Those who had been visiting grave sites all these years spoke angrily of injustice. So did those who had been visiting death row.
Those who had lost a daughter, a mother, a sister to murder spoke bitterly of their world ripped apart. So did those who lost a son, a father, a brother to death row.
Gov. George Ryan's announcement Saturday that he would empty Illinois' death row, commuting most capital sentences to life in prison without parole, evoked elation and fury, apprehension and hope. Families of murder victims and families of murderers broke down as they pressed into a packed law school classroom to hear Ryan's speech. Many faces in the crowd glistened with tears. There were many hugs. And quiet prayers.
And there was an urgent question: What next?
May Molina Ortiz pushed through the crowd in her wheelchair, clutching a photo of her son, Salvador Jr., convicted of murder a decade ago. He is not on death row. Ryan did not review his case. Yet Ortiz told anyone who would listen that her son was framed, unfairly locked up on a 47-year sentence.
She begged for further reviews of the Illinois legal system. She vowed that she would not let the momentum for reform stall when Ryan leaves office Monday. She dared hope that his blazing words about incompetent lawyers, corrupt police and vicious prosecutions would inspire an overhaul of the judicial system.
"There's a light at the end of the tunnel now. There's hope," she said. "Maybe now, we have a chance. Maybe it's our turn."
Gloria Jean Johnson echoed that prayer. The governor commuted her son's death sentence to 40 years in prison to bring it in line with co-defendants who received far less punishment. Still, Johnson, 59, was not satisfied: She maintains that her son should never have been convicted of shooting a young pregnant mother.

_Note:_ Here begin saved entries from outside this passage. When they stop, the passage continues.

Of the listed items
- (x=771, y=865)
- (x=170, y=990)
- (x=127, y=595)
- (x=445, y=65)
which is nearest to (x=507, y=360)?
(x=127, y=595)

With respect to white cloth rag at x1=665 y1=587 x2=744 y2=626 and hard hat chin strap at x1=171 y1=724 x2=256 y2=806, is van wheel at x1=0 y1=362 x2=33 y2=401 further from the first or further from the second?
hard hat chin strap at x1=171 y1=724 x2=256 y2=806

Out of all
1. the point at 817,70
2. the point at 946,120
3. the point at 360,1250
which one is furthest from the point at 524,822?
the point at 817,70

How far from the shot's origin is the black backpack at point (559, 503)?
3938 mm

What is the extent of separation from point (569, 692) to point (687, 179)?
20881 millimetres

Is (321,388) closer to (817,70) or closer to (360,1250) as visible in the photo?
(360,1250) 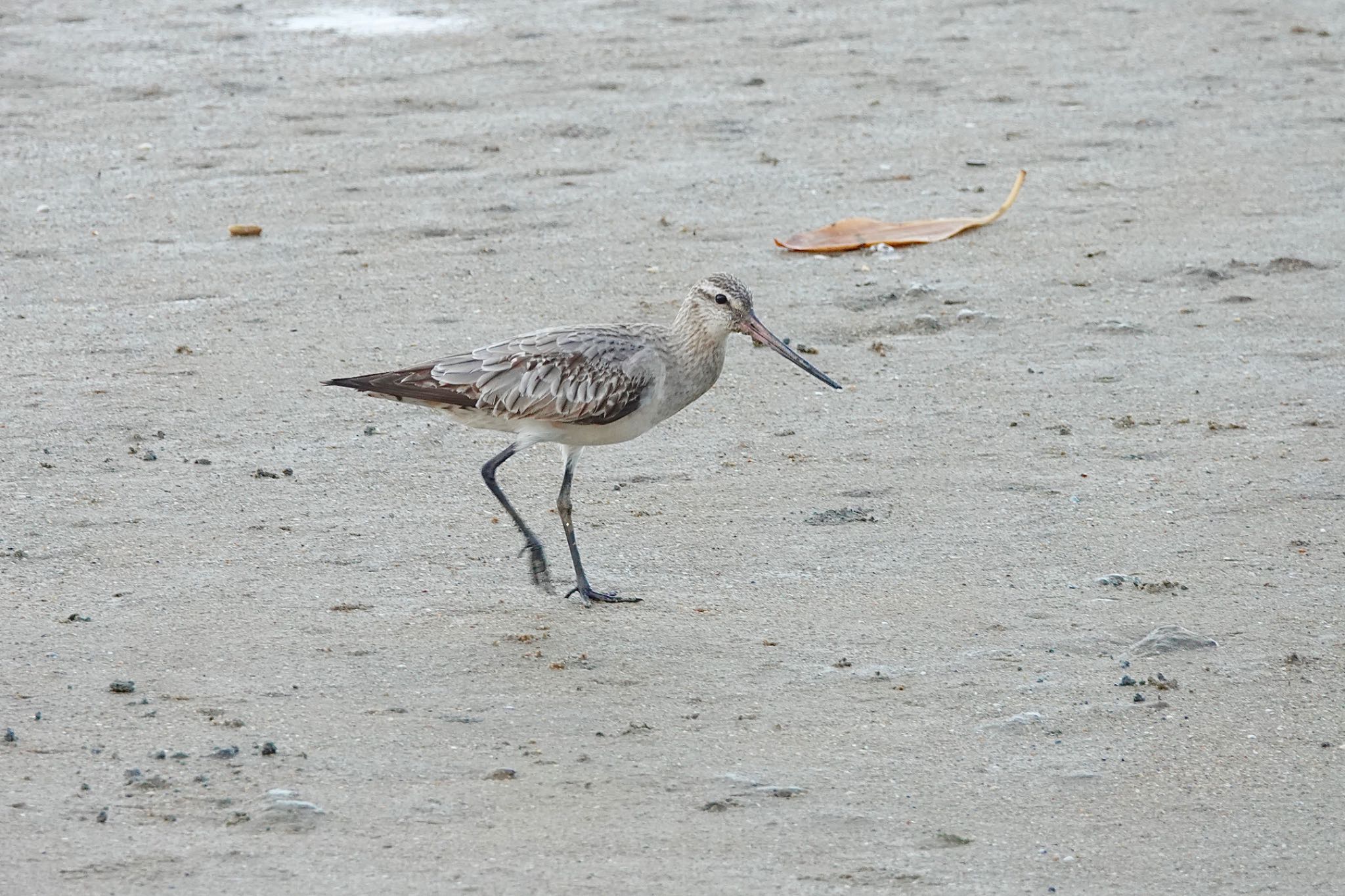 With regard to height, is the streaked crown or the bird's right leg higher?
the streaked crown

"I'm happy he's off death row, but I can't understand how he could be incarcerated one more day," she said. "The governor has until Monday at noon to change his mind. I'm just hoping he looks into his heart and does the right thing."
Yet relatives of murder victims argued that Ryan had done too much already.

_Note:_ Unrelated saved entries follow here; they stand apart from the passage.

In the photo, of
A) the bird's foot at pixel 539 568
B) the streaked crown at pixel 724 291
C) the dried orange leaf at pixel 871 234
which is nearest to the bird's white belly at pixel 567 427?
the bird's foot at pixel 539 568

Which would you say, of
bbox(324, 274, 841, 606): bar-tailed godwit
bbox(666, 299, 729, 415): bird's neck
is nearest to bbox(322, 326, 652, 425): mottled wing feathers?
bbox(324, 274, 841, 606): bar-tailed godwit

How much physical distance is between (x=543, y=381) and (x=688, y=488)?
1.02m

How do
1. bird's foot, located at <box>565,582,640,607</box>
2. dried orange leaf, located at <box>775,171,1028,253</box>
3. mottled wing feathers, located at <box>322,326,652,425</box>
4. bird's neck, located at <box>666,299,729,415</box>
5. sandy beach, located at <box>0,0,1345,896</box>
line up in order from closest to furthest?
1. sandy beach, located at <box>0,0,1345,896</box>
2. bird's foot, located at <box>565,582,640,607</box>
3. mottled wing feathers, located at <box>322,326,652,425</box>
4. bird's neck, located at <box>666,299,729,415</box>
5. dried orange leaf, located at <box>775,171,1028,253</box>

"I know now that part of every paycheck I earn will be going to pay for the upkeep [of my son's killer] in prison," said Helen Muto, whose 18-year-old son was murdered in 1992.
"Twelve people found him guilty and felt the crime was horrible enough to give him death," Muto said. "I don't understand why the governor wants to change that."
In an emotional day, heavy with grief on all sides, the inmates' relatives offered gruesome tales of police officers beating, shocking and suffocating suspects to extract the confessions they wanted. The victims' relatives countered with horrific images of their own -- of children burned as they slept, of pregnant women slashed and beaten, of a murderer who tacked a memento of her kill to her car, like a souvenir.
The inmates' relatives complained about court-appointed defense attorneys who were incompetent, drunk, lazy or corrupt. The victims' relatives praised prosecutors who promised them justice and delivered -- until the governor, they said, betrayed them.
"He just pushed us off to the side," said Katy Salhani, who brought the governor 3,500 letters from friends and neighbors, all pleading to keep her sister's killers on death row. "I want justice, not in a vindictive way, but I want them to be put to death." The men cut her sister's baby from the womb and also murdered Salhani's young niece and nephew.
"I listened to five hours of testimony at the governor's clemency hearings, and it was horrible to come away thinking my family was one of the lucky ones, because my brother wasn't sodomized or tortured or dumped in flammable liquid ... because his body wasn't discovered by his own kids," said Sharon Gahlbeck. Her brother was killed by a woman he met in a bar shortly after his divorce. He left behind five young children.
"Yes, the governor has a right to do what he did," Gahlbeck said. "But I believe he abused his power with a blanket commutation. I really feel it was just a media blitz. I can't imagine he's doing it out of real conviction."
Many victims' relatives shared her rage. A few, however, stepped forward to praise Ryan. Activists from a group called Murder Victims for Reconciliation were given prominent seats at the speech, sitting along with family members of some inmates.
"The governor's decision today obligates all of us to do so much better than we've done in creating a trustworthy judicial system," said Jeanne Bishop. Her pregnant sister and her sister's husband were shot to death 12 years ago, and Bishop said she's glad the killer will never be strapped to a gurney for lethal injection.
"He should be punished every day for the rest of his life," she said. "But we don't want to repeat the violence that our family suffered."